Unless you’ve been stranded on a deserted island for the past couple of years, you’ll have noticed that avocados are everywhere! This little green fruit has been added to meals in almost every restaurant and home recipe possible. In this article, we’ll explore how to grow an avocado tree from seed.
The one downside of the trend is that over the past year, the average price of avocados has gone up by over 25% as grocery stores look to maximize their profits. To save yourself some money and have the opportunity to eat fresh, organic avocados, growing your own avocado tree is a must. The word ‘tree’ may insinuate that you need an enormous amount of space. However, an avocado is a small and easy to grow tree.
If you’re in need of guacamole for your weekend dinner party, don’t wait on your baby avocado tree, however, with some time and love, you could be making home grown organic avocados! So get your gardening gloves at the ready…
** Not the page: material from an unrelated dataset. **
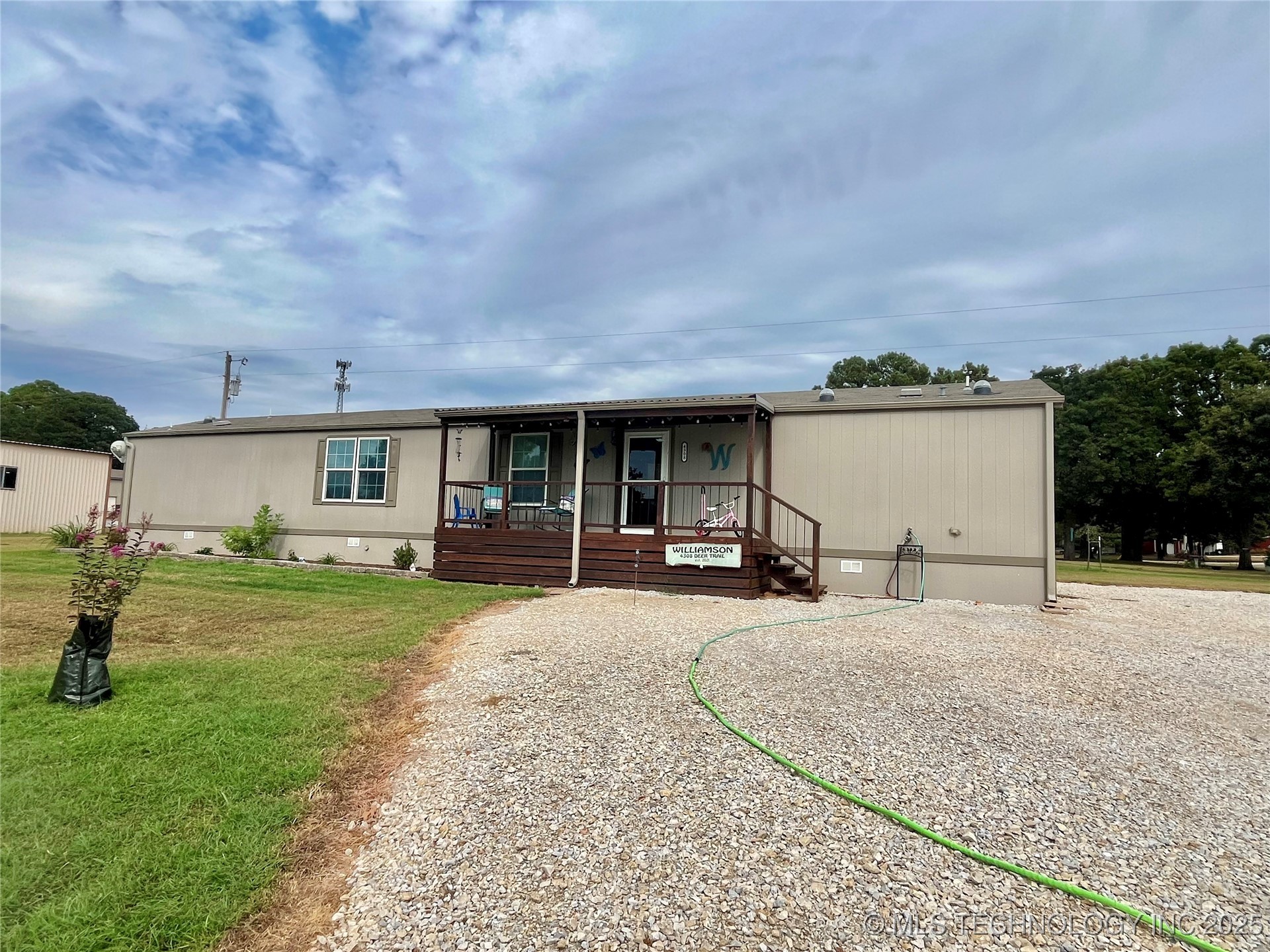 4308 Deer Trail Property Photo 1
Read More: How To Grow Plums From A Seed
Avocado care and information
Avocados, like any plant, have very specific needs. Understanding all there is to know about avocado trees will help ensure that you have a big tree with a bountiful harvest every year! Some general avocado information:
- Latin name: Persea americana
- Other names: Alligator pear
- Native to: Mexico to the Andean region
- Invasiveness: Not invasive
- Sun: Full sun
- Water: 2-3 times per week when first planted
- Soil: Well-aerated, loose soil
- Hardiness zone: 8-11
- Spacing: 25-35 feet
- Plant height: 80 feet
- Container friendly: Mixed. Avocado trees don’t truly thrive in containers
- Fertilizer: 2-1-1
- Toxicity: Edible to humans, toxic to dogs, cats, poultry, and other animals
- Deer resistant: No
- Pest resistant: No
How To Grow An Avocado Tree From Seed
Sprouting your avocado pit
Carefully clean the avocado seed and ensure you know which end is top and which is the bottom. Stick four toothpicks into the seed at equal distances apart about halfway down. From there, get a glass of water and set your seed in it, the toothpicks should keep it soaking in an inch of water. You can also purchase a helpful seed sprouting kit to make this step much easier!
The seed should be placed out of direct sunlight but in a warm place until the stem has grown to six inches and the roots are visible. This growth should take between two to six weeks, at which point the stem should be cut back to three inches. Wait for more leaves to grow and for the stem to reach six inches again before planting.
Planting your avocado seedling
Get yourself a large plant pot approximately 10 inches in diameter with a small hole in the bottom for drainage. Fill the pot with nutrient rich soil, leaving a small hole in the top of the compost for your seed to go in. Place the seed in the hole, ensuring that it isn’t too deep and that half of the seed is exposed above the soil. You can also buy an avocado planter.
Keep reading: What to do when grass won’t grow under trees
Caring for avocado trees
Once the avocado tree is planted, move it into a sunny area of your home. Water the tree generously and regularly, ensuring that the soil remains moist but not saturated.
If the leaves begin to turn brown and dry, it is a clear sign that the plant isn’t getting enough water. To solve this issue, put the pot in your sink, turn the tap on and allow the water to run through the soil for a few moments, ensuring that you drain any excess water before taking the plant out of the sink.
If the leaves begin to turn yellow and droop, you are over watering the plant. To rectify the situation, don’t water the plant for a few days and lower the amount of water you give it in future.
Keep up regular and caring maintenance of your tree in order for it to flourish. You may well have to wait a couple of years before it first begins to bear fruit, but when it does, you’ll be enjoying your very own fresh and delicious avocados.